Give the number of lines below that contain "Chapter", with no other output.
*** Task inputs ***
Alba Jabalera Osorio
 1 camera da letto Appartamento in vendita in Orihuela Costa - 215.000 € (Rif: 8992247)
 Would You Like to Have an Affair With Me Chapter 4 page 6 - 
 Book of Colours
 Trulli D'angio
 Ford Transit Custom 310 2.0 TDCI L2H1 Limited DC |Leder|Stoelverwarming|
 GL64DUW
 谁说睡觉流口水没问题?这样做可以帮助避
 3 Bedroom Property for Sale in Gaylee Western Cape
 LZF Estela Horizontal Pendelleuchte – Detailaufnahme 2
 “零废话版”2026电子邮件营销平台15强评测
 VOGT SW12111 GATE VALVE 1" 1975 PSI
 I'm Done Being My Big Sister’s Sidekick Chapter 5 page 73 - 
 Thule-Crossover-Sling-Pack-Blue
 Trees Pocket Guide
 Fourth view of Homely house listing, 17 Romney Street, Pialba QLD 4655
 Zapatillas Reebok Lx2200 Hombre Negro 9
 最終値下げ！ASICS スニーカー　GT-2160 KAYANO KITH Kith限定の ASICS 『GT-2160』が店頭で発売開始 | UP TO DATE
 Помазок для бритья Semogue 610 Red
*** End of Task inputs ***
** Task response **
2